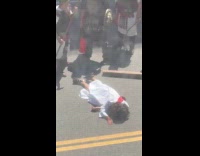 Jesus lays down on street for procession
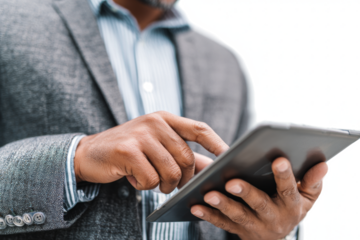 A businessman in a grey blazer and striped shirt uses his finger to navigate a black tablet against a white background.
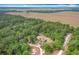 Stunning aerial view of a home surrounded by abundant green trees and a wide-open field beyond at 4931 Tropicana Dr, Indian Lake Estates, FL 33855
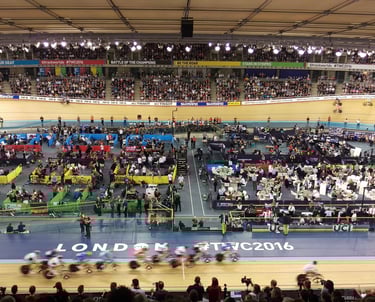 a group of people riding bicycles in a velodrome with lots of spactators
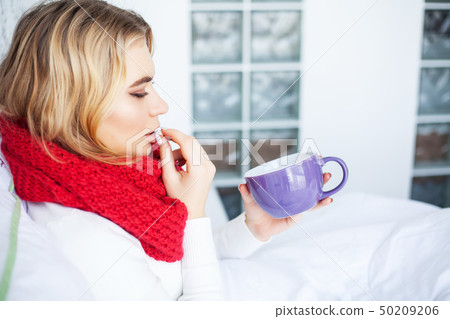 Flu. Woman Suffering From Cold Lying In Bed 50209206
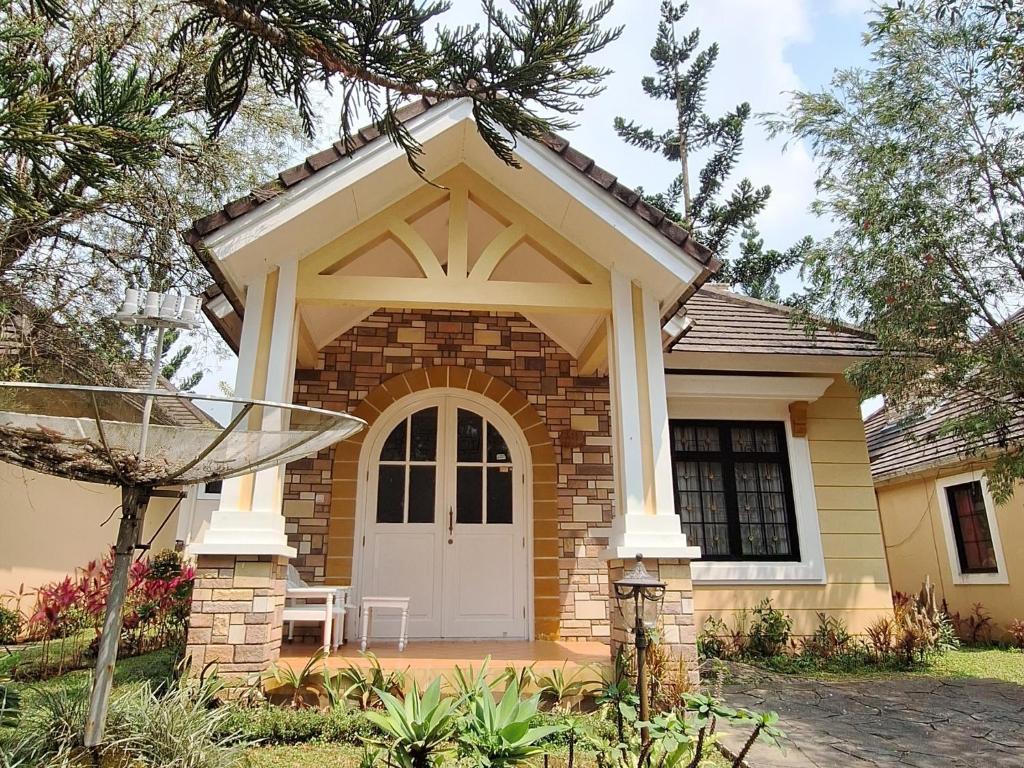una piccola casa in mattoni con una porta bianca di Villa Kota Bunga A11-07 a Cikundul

* * * * *

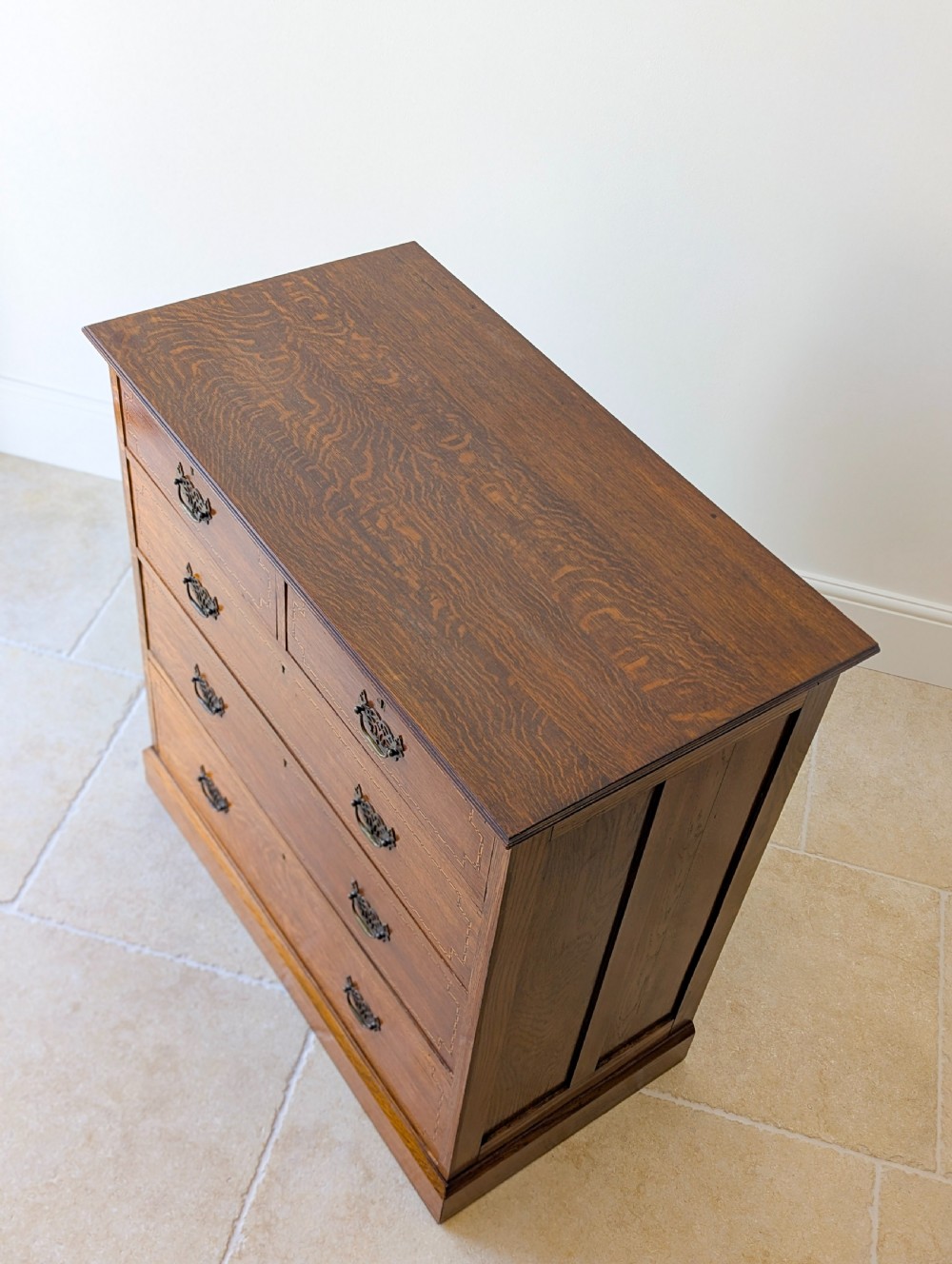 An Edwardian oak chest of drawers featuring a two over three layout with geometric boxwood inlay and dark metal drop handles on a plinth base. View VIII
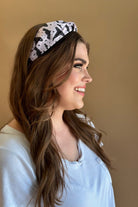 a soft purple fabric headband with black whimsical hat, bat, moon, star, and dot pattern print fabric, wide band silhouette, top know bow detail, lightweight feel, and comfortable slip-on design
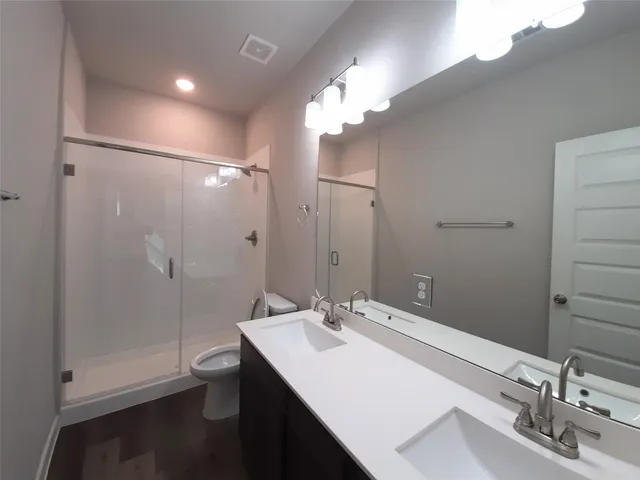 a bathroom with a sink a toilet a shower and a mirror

* * * * *

Now transcribe the lines above exactly, starting at the line containing "Flu. Woman Suffering" and ending at the line containing "una piccola casa", both lines included, pictures excluded.

 Flu. Woman Suffering From Cold Lying In Bed 50209206
una piccola casa in mattoni con una porta bianca di Villa Kota Bunga A11-07 a Cikundul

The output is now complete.